* [Work task]: Write out exactly the line containing "Что делать, если" along with each line that follows it in the records below, and no others.

────────────────────────────────────────

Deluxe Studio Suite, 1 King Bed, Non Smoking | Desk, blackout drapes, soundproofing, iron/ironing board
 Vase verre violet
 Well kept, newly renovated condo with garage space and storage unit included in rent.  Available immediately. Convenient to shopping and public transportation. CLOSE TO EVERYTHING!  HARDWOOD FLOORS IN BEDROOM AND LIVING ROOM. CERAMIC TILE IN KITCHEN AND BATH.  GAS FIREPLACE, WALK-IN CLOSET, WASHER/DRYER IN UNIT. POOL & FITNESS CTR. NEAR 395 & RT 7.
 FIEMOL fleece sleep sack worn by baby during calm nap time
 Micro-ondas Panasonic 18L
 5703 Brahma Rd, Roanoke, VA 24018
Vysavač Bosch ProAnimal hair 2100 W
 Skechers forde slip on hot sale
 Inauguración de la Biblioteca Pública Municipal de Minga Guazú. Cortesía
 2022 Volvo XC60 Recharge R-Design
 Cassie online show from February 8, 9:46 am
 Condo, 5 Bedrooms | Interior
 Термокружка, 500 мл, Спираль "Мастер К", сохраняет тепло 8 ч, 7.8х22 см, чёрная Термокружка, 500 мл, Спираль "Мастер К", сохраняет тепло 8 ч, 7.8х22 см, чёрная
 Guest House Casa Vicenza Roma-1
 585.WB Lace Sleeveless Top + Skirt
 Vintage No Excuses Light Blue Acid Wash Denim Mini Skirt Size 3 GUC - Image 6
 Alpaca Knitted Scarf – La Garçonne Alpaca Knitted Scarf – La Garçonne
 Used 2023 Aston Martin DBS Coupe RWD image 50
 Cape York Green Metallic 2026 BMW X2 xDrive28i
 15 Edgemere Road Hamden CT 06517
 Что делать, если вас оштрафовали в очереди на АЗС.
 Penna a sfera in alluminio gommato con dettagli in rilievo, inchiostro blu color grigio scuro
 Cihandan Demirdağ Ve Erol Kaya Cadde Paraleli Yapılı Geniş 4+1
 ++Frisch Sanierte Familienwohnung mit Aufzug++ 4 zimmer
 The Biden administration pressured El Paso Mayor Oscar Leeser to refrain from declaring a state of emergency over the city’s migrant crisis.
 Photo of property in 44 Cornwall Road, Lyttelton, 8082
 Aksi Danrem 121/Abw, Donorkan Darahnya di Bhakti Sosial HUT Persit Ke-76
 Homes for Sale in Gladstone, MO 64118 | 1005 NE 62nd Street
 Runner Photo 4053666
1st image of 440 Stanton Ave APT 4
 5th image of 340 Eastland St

────────────────────────────────────────

* [Reply to the exercise]:
 Что делать, если вас оштрафовали в очереди на АЗС.
 Penna a sfera in alluminio gommato con dettagli in rilievo, inchiostro blu color grigio scuro
 Cihandan Demirdağ Ve Erol Kaya Cadde Paraleli Yapılı Geniş 4+1
 ++Frisch Sanierte Familienwohnung mit Aufzug++ 4 zimmer
 The Biden administration pressured El Paso Mayor Oscar Leeser to refrain from declaring a state of emergency over the city’s migrant crisis.
 Photo of property in 44 Cornwall Road, Lyttelton, 8082
 Aksi Danrem 121/Abw, Donorkan Darahnya di Bhakti Sosial HUT Persit Ke-76
 Homes for Sale in Gladstone, MO 64118 | 1005 NE 62nd Street
 Runner Photo 4053666
1st image of 440 Stanton Ave APT 4
 5th image of 340 Eastland St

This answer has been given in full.